I tend to be skeptical of most marriage books. You can probably safely add to that books on parenting as well. Rather than leading the reader to evaluate what is broken with the self in order to enable a releasing of burdens on one’s spouse, instead much of what is written is guised manipulation. Not getting what you want? Is your spouse not meeting your needs? Follow these simple steps to make your partner happy and they will, in return, give you what you want.
In reality, how long will that advice last? Probably until you consistently do not get the response you desire. Make no mistake, since we all tend to fall into focusing on ourselves that will happen probably sooner than later.

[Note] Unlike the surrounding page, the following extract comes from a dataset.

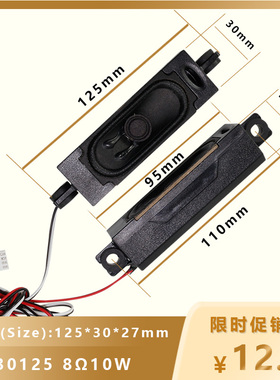 全新LD YDT3070-02A电视喇叭DY XT310-2AX/3AL 6欧8欧10瓦喇叭1对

While I am a skeptic of the marriage book genre, out of interest in the subject I still have a number of these books in my reading queue. It is within the last one I read and put on the bookshelf that I found this nugget. In the midst of discussing 1 Peter 3:7,
Husbands, in the same way be considerate as you live with your wives, and treat them with respect as the weaker partner and as heirs with you of the gracious gift of life, so that nothing will hinder your prayers.
the author espoused the view that if a husband’s prayers were not being answered, then it was likely because he was not loving his wife properly. Just to say this another way, the man who was interpreting this passage was saying that consequence for a husband not loving his wife in the proper way was that God would stop answering that man’s prayers.
That assessment strikes me as driven by performance. Rightness before God being determined in this interpretation by the husband’s works. Beyond that, it implies God can be manipulated – by doing the right things you can get God to answer prayer. The grace and mercy of God seem to be absent until the man gets his act together.
Yet, grace is not earned or deserved, meriting another look at what my be implied by the hindrance of prayers. It is interesting that the author focused on a hindrance in the answer to the prayer rather than the delivery. Maybe Peter is reminding husbands that if they are not considerate, if they do not respect their spouses relative weakness, then that is going to lead to a house filled with strife. Strife that will be the direct result of the man’s actions. It is hard to pray during relational conflict. Anger can harden our hearts, hence the warning not to sin in it. So instead of the two being one, each feels isolated and alone, and quite probably isolated from God as well.
That may be the hindrance to prayer that Peter is envisioning. Strife creating chaos and lack of desire to seek out and connect with God. Or maybe if we are inclined to turn our face to God, it is with the intent of manipulation (“God please change my wife!“) instead of repentance and gratitude.
The hindrance being in our desire to offer the prayer rather than in God’s ability to answer it.